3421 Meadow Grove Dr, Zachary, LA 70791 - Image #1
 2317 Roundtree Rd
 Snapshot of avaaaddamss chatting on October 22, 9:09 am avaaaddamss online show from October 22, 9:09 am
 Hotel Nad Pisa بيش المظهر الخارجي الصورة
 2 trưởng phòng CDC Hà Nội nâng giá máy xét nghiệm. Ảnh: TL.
----------
▸ AIM OF THE EXERCISE: Copy the data word for word.

▸ PROBLEM SOLUTION:
3421 Meadow Grove Dr, Zachary, LA 70791 - Image #1
 2317 Roundtree Rd
 Snapshot of avaaaddamss chatting on October 22, 9:09 am avaaaddamss online show from October 22, 9:09 am
 Hotel Nad Pisa بيش المظهر الخارجي الصورة
 2 trưởng phòng CDC Hà Nội nâng giá máy xét nghiệm. Ảnh: TL.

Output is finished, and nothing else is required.